Next: Preliminary Conclusions Up: Privacy-Aware Location Sensor Networks Previous: Design Considerations

Subsections

System Design

A network is needed that provides near real-time location information with the properties that it preserves k-anonymity with respect to the described attack model while still delivering useful data. To achieve this goal, we take the following approach.

Approach

Data cloaking.: The sensor network perturbs the sensed location data so that it meets the k-anonymity criterion. Ideally, the network applies only the minimum necessary perturbation so that the data retains its usefulness for a large number of applications.
Hierarchical aggregation.: Network nodes organize distribution of sensed location data through a spanning tree. Multiple nodes throughout the spanning tree, the coordination leaders (CL), cloak data so that no single entity has a complete view of the original data. The hierarchy should reflect the spatial characteristics of the area. For example, it could be organized into cubicles, rooms, floors, and buildings.
Secure and unobservable communications.: Nodes communicate with encrypted and authenticated data packets (e.g., using the SPINS protocols [20]) to prevent eavesdropping and active attacks. In addition, data transmissions are periodic and independent from sensor readings to protect against traffic analysis.

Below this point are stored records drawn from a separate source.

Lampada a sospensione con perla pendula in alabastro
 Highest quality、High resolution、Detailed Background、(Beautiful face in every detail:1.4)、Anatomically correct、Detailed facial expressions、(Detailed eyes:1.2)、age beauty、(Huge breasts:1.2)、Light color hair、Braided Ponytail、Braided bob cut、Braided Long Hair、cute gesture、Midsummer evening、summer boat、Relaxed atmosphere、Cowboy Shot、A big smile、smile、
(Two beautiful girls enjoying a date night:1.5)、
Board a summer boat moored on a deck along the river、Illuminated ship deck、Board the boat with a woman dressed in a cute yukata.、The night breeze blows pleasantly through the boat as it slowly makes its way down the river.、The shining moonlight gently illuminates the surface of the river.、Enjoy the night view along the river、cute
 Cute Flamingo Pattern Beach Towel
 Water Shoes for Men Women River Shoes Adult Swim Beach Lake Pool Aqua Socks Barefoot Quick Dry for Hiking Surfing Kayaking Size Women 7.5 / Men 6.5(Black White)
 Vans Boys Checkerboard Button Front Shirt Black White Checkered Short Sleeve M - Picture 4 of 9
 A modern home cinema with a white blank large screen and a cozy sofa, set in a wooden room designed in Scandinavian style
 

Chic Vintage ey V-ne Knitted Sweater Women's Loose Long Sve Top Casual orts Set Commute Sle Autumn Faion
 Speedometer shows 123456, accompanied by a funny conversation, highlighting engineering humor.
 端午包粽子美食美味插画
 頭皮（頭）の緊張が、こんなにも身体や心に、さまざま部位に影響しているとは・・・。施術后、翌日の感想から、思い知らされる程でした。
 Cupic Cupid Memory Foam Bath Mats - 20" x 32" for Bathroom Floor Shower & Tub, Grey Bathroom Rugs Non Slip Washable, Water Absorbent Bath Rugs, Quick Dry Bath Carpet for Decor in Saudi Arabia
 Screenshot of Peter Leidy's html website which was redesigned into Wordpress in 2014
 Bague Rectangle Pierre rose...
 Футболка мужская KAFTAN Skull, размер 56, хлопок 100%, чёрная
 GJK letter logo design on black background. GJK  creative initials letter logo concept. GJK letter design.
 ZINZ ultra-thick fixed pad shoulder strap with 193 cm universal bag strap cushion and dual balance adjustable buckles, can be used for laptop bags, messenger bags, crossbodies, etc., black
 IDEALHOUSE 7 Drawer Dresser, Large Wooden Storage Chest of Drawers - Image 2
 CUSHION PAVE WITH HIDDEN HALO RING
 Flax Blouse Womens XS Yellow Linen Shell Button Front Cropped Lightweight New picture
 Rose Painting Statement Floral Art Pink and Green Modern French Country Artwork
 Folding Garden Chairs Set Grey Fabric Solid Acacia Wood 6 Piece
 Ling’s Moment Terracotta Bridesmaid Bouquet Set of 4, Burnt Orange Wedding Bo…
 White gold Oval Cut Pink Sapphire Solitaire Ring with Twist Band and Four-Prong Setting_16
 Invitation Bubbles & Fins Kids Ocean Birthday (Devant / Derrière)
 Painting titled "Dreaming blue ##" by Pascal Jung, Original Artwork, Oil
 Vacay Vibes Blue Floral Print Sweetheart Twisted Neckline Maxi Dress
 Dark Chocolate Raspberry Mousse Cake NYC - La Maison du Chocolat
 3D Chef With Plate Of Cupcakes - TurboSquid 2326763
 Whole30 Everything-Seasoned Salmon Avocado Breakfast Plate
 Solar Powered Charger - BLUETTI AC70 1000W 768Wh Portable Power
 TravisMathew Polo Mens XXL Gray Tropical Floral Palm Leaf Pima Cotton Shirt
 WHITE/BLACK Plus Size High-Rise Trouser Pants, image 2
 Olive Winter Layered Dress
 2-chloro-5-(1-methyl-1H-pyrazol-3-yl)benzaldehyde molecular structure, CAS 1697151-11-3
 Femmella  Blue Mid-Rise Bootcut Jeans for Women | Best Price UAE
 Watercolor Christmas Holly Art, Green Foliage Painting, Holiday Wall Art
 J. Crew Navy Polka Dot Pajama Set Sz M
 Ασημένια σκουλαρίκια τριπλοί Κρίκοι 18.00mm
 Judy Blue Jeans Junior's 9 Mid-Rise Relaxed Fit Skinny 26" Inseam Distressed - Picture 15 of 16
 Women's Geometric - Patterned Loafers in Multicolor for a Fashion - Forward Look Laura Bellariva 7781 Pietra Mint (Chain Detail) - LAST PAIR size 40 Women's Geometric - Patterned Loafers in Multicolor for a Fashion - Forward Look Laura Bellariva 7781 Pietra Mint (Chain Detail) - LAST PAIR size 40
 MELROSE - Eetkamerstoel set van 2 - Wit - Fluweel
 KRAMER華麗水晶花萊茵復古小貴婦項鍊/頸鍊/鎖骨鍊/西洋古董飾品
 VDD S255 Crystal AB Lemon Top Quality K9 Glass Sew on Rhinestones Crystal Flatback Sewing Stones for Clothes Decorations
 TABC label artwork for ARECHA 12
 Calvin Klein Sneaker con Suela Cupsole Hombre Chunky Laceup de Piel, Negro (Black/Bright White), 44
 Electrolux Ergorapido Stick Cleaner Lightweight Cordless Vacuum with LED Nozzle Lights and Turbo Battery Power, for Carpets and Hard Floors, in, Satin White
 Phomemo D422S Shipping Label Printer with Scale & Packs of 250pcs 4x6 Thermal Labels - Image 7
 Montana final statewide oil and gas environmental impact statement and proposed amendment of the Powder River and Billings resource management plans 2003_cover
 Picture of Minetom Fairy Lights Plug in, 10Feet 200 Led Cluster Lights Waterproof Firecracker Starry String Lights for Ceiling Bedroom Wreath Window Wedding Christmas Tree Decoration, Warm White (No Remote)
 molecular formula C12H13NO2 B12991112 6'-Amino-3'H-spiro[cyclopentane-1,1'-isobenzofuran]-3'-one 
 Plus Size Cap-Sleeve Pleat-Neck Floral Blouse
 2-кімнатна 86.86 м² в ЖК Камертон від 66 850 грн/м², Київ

Coordination Leader Election and Spanning Tree Construction

The decentralized cloaking and aggregation mechanism requires one coordination leader for every level of hierarchy; for example, one CL for every room, for every floor, and for the building. Figure 1 depicts such a configuration. All data flows from the individual nodes first to the room CL and then to the floor CL, which sends the data to a location server. Since CLs can be outside the single-hop radio range, network nodes need to establish routes to higher-level coordination leaders. The node routing tables will hold an entry for each of the hierarchical CLs that this node belongs to. Referring to Fig. 1, a node in Room B may be required to forward packets to its room CL, while also forwarding packets from Room C bound for the floor CL. For n levels of hierarchy, n routing table entries will be required. Notice that the size of the routing table scales with the total number of hierarchies, rather than the number of nodes in the network.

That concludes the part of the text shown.